*Your assignment*.
From the entries, copy every line that carries the string "data".

(Captioned web images)
● ● ●

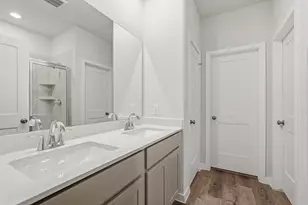 4524 Wisenbaker Wy, Bryan, TX 77845 - Photo 16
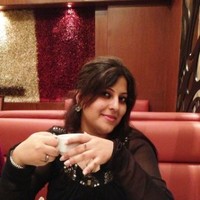 Anum Aziz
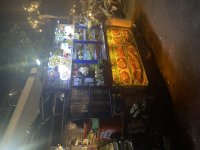 IMG_8584.jpeg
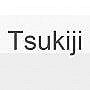 Tsukiji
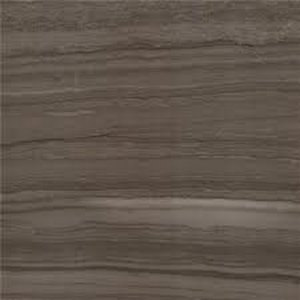 Imperial Wooden cafe NMJ098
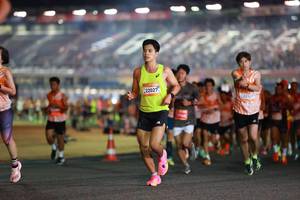 BIB: 
                            <button type="button" onclick="openModal(24133330)" class="btn btn-primary btn-sm float-right btn-popup" data-toggle="modal" data-target=".modal-high-quality">
                        <i class="fas fa-shopping-cart"></i> Add to Cart
                    </button>
                                            <button type="button" onclick="isThisMe(24133330, true)" class="btn btn-success btn-sm float-right btn-popup btn-isme hidden" data-toggle="tooltip" data-placement="bottom" title="นี่คือรูปของคุณใช่ไหม คลิกที่นี่เพื่อเอาเข้าอัลบั้ม">
                        <i class="fas fa-plus"></i> Add to album
                    </button>
                    <button type="button" onclick="isThisMe(24133330, false)" class="btn btn-warning btn-sm float-right btn-popup btn-isnotme hidden">
                        <i class="fas fa-ban"></i> Remove from album
                    </button>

● ● ●

*Answer*.
                            <button type="button" onclick="openModal(24133330)" class="btn btn-primary btn-sm float-right btn-popup" data-toggle="modal" data-target=".modal-high-quality">
                                            <button type="button" onclick="isThisMe(24133330, true)" class="btn btn-success btn-sm float-right btn-popup btn-isme hidden" data-toggle="tooltip" data-placement="bottom" title="นี่คือรูปของคุณใช่ไหม คลิกที่นี่เพื่อเอาเข้าอัลบั้ม">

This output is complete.